PROVIDED RECORDS:
'''

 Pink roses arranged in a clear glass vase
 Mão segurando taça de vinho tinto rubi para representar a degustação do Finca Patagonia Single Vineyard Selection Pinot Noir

'''
'''

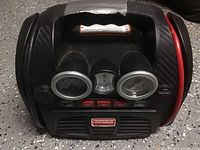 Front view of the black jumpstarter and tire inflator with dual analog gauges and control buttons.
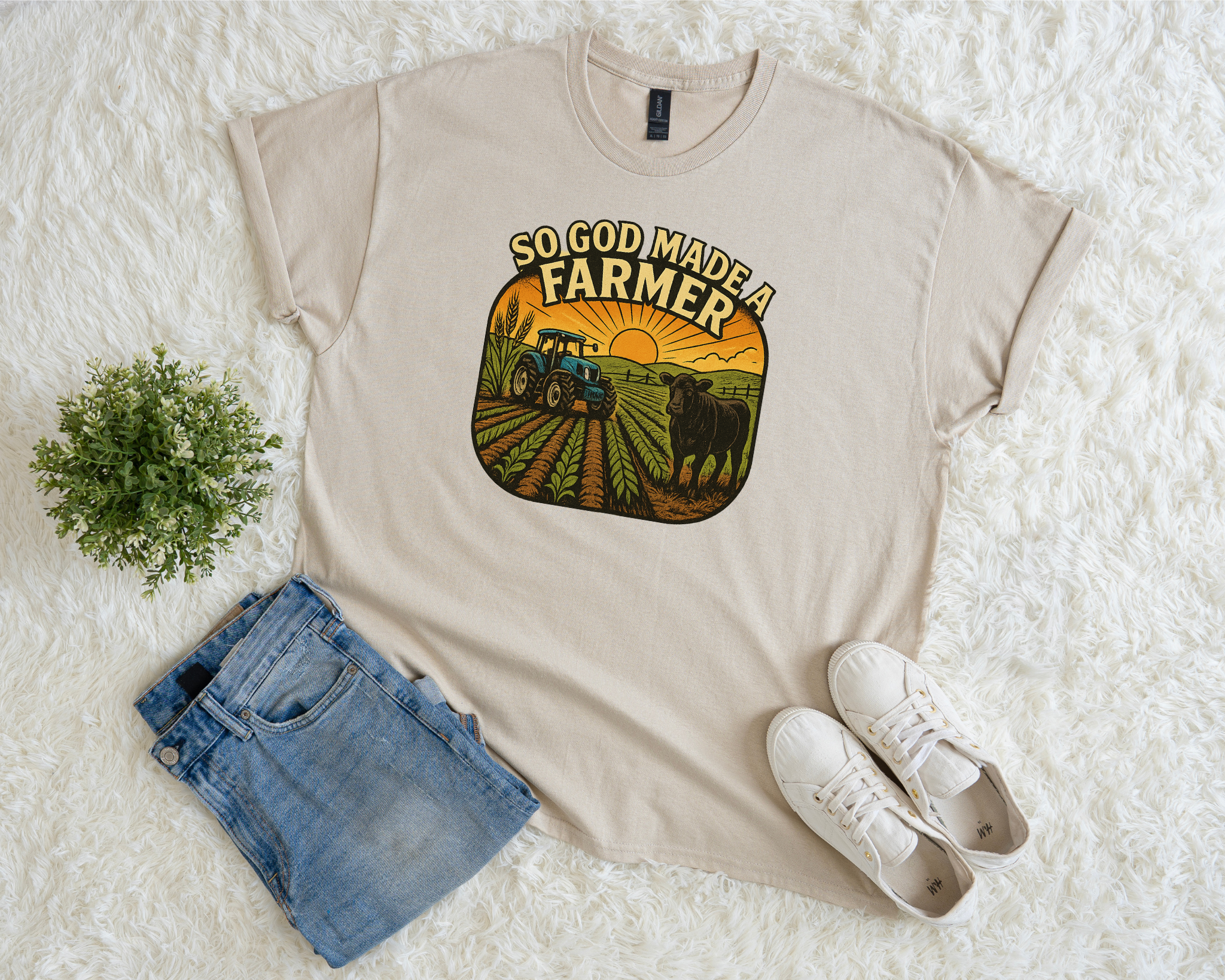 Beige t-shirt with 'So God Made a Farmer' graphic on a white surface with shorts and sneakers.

'''

EXERCISE OBJECTIVE: What are the lines above, starting at the one with "Pink roses arranged in a clear glass vase" and ending at the one with "Mão segurando taça"? Give them again exactly, and only them.

ANSWER TO THIS PROBLEM:
 Pink roses arranged in a clear glass vase
 Mão segurando taça de vinho tinto rubi para representar a degustação do Finca Patagonia Single Vineyard Selection Pinot Noir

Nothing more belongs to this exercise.